** Opening Records block **

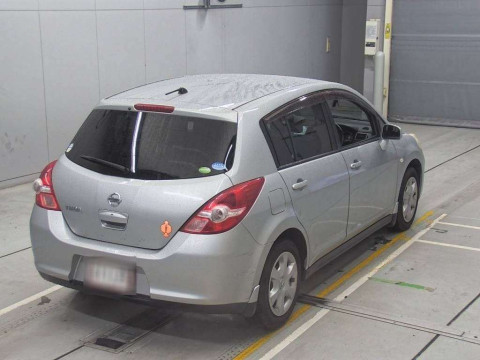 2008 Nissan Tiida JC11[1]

** Closing Records block **
** Opening Records block **

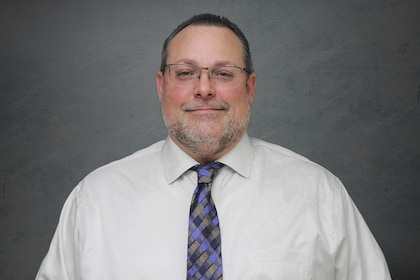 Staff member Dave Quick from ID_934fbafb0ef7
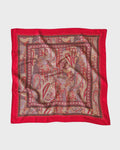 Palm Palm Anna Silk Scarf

** Closing Records block **

• [What is needed]:
Though the entries above contain pictures, none should be copied; reproduce only the lines between the one holding "Staff member Dave Quick from ID_934fbafb0ef7" and the one holding "Palm Palm Anna Silk Scarf", inclusive, exactly as written.

• [Solution for this problem]:
 Staff member Dave Quick from ID_934fbafb0ef7
 Palm Palm Anna Silk Scarf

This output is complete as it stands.